Limitations & Future Work

  1. Evaluation is limited to a single dataset (V2C-Animation), which consists of animated films; performance on live-action movie dubbing remains unknown.
  2. The absolute value of emotion accuracy (EMO-ACC) remains low (47.21% vs. 99.96% for ground truth), indicating a substantial gap from human-level performance.
  3. WER (25.95) is not optimal (Speaker2Dubber achieves 18.27), suggesting that emotion enhancement may slightly compromise pronunciation accuracy.
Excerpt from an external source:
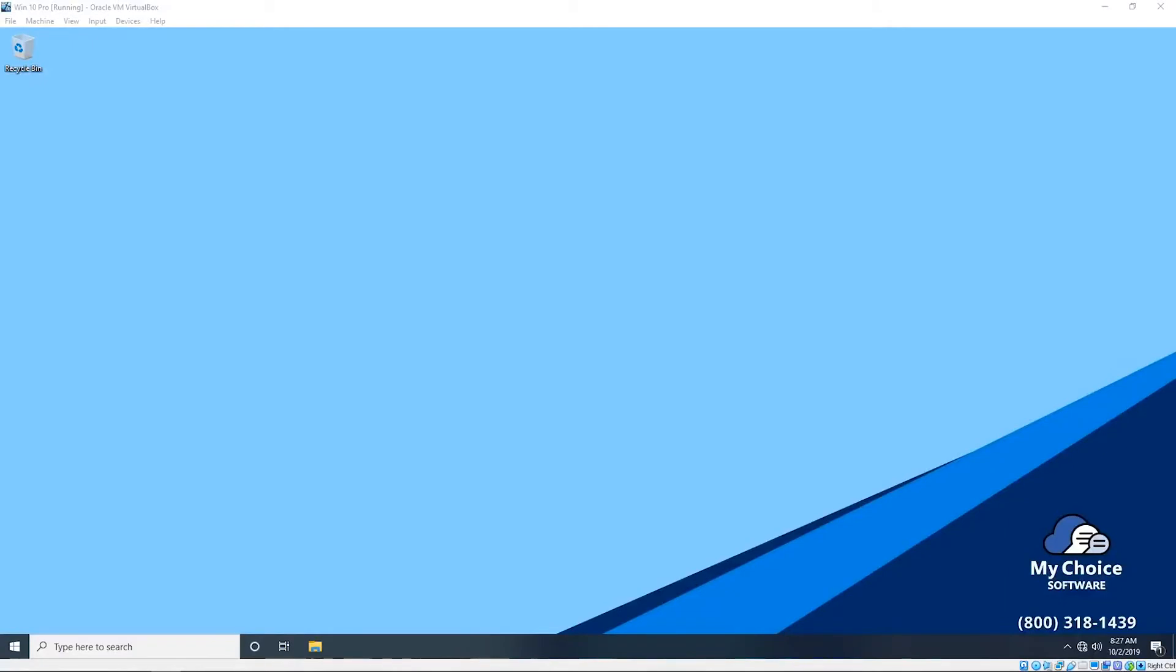Hi, my name is Alejandro from MyChoice Software's IT department, and today I'm going to walk you through using the SLMGR command and the SLUI4 command to plug in your product key and push activation through should you need it using the CMD prompt.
  4. Library construction and retrieval processes introduce additional computational overhead during inference, potentially affecting real-time applicability.
  5. The Top-K value is fixed at \(K=3\), with no mechanism for dynamic adjustment.
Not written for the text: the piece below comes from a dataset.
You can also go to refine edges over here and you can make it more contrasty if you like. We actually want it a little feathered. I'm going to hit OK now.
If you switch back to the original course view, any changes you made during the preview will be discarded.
  6. Explicit modeling of controllable attributes (e.g., speech rate, pitch) is not explored.
  • RAG (Retrieval-Augmented Generation): Authentic-Dubber differs from standard RAG in that (1) it computes similarity across multiple emotional modalities and (2) it employs a progressive graph structure rather than directly concatenating retrieved results.
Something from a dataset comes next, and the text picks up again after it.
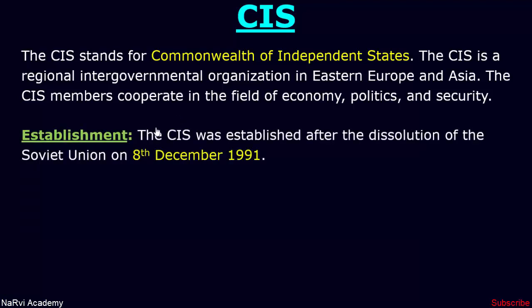The CIS was established after the dissolution of the Soviet Union on 8 December 1991. The leaders of Russia, Belarus and Ukraine met in Belarus and they discussed the creation of the Commonwealth of Independent States and signed a document creating the organization.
  • StyleDubber: Serves as the base architecture for cross-modal alignment.
  • Emotion2Vec: A general emotion representation model used to extract direct emotional audio features.
  • Insight: Translating domain workflows into model architectures is an underutilized design methodology, particularly well-suited for tasks with well-defined human processes.

Rating

  • Novelty: ⭐⭐⭐⭐ (Workflow-modeling perspective is novel, though individual components—RAG, GNN, LLM-based emotion extraction—are combinations of existing techniques.)
  • Experimental Thoroughness: ⭐⭐⭐⭐⭐ (Main results + 12 ablation groups + retrieval analysis + similarity metric analysis + spectrogram visualization; very comprehensive.)
  • Writing Quality: ⭐⭐⭐⭐ (The "director-actor" metaphor runs throughout the paper, with a coherent narrative.)
  • Value: ⭐⭐⭐⭐ (Advances the fields of movie dubbing and expressive speech synthesis; the combination of RAG with multimodal emotion modeling is inspiring.)